The teaching is not merely heard or repeated; it must be discovered through three modes of wisdom:

1. Wisdom Born of Learning

The genius begins by focusing the mind on the stated meaning of what is studied.
Words form a temporary scaffold; conceptual understanding provides a doorway.
Through careful attention and trust in the meaning, a first, basic clarity emerges.

This is the discovery of the teaching through learning.

2. Wisdom Born of Reflection

Next, the genius recognizes that the way things appear is shaped by mental construction.
Outer objects gain their form through how the mind verbalizes them.
This reflection reveals that experience is not simply “out there,” but arises in interplay with inner formulation.

Recognizing this allows the teaching to be discovered on a deeper, less literal level.

3. Wisdom Born of Meditation

Finally, the genius fixes the mind on the bare fact that objects arise only by conceptual designation — that there is no inherent “thing” apart from naming and perception.

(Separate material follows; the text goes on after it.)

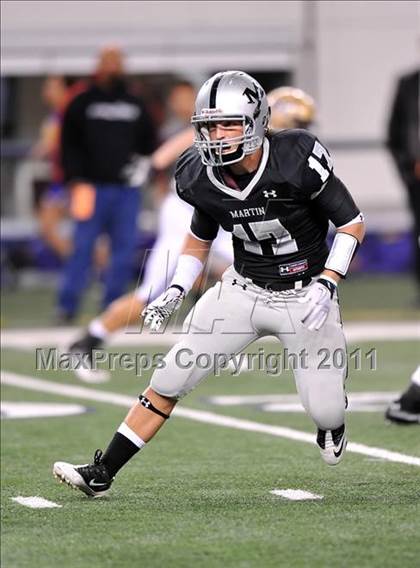 Thumbnail 3 in Martin vs. Midland (5A Division 1 Region 1 bi-district) photogallery.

This stabilization, where the mind rests solely on the nominal and no longer imagines substance on either side — inner or outer — produces a discovery beyond thought.

Here, the duality of knowing and known collapses, and the teaching is realized directly rather than interpreted.

How All Three Layers Connect

These discoveries of the inner, the outer, and their shared nature become possible only because the genius first enters into the teaching as an objective through the structured learning of the three collections.

The teaching provides the map
→ reflection reveals how the terrain appears
→ meditation uncovers the ground beyond maps and appearances.

In this way, the three kinds of wisdom uncover the three dimensions of the objective world, and this entire process rests on a single commitment: to investigate experience until nothing is left unquestioned.